The present invention may have many different configurations and
architectures. Any such configuration or architecture may be
readily substituted without departing from the scope of the present
invention. A person having ordinary skill in the art will recognize
the above described sequences are the most commonly utilized in
computer-readable mediums, but there are other existing sequences
that may be substituted without departing from the scope of the
present invention.
Elements of one embodiment of the present invention may be
implemented by hardware, firmware, software or any combination
thereof. When implemented as hardware, the present invention may be
employed on one audio signal processor or distributed amongst
various processing components. When implemented in software, the
elements of an embodiment of the present invention are essentially
the code segments to perform the necessary tasks. The software
preferably includes the actual code to carry out the operations
described in one embodiment of the invention, or code that emulates
or simulates the operations. The program or code segments can be
stored in a processor or non-transitory machine accessible medium
or transmitted by a computer data signal embodied in a carrier
wave, or a signal modulated by a carrier, over a transmission
medium. The "non-transitory processor readable or accessible
medium" or "non-transitory machine readable or accessible medium"

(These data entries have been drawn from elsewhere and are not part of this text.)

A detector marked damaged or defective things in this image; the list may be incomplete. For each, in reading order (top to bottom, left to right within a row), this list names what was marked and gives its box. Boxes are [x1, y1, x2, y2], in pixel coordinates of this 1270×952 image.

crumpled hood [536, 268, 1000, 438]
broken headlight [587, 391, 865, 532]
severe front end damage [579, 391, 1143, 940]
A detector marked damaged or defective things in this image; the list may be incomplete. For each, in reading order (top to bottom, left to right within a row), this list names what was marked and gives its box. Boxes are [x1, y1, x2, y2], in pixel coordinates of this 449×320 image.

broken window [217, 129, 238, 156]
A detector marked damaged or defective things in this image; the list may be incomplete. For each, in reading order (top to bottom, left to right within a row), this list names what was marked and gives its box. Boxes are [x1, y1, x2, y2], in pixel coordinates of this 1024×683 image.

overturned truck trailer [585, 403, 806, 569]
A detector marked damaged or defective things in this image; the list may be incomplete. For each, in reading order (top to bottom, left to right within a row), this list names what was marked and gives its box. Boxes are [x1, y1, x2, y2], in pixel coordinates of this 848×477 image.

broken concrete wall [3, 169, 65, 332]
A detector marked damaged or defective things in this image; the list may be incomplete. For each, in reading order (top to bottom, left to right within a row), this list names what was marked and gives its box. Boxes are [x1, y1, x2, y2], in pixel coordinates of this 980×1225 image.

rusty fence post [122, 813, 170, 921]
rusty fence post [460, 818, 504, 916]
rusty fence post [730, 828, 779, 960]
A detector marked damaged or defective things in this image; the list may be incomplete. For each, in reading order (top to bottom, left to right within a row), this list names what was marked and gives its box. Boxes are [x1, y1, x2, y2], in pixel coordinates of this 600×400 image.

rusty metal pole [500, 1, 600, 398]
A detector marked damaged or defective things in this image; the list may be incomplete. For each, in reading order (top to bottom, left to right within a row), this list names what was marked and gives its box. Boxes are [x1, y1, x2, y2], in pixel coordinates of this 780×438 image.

may include any medium that can store, transmit, or transfer
information.
Examples of the non-transitory processor readable medium include an
electronic circuit, a semiconductor memory device, a read only
memory (ROM), a flash memory, an erasable ROM (EROM), a floppy
diskette, a compact disk (CD) ROM, an optical disk, a hard disk, a
fiber optic medium, etc. The computer data signal may include any
signal that can propagate over a transmission medium such as
electronic network channels, optical fibers, air, electromagnetic,
RF links, etc. The code segments may be downloaded via computer
networks such as the Internet, Intranet, etc. The non-transitory
machine accessible medium may be embodied in an article of
manufacture. The non-transitory machine accessible medium may
include data that, when accessed by a machine, cause the machine to
perform the operation described in the following. The term "data"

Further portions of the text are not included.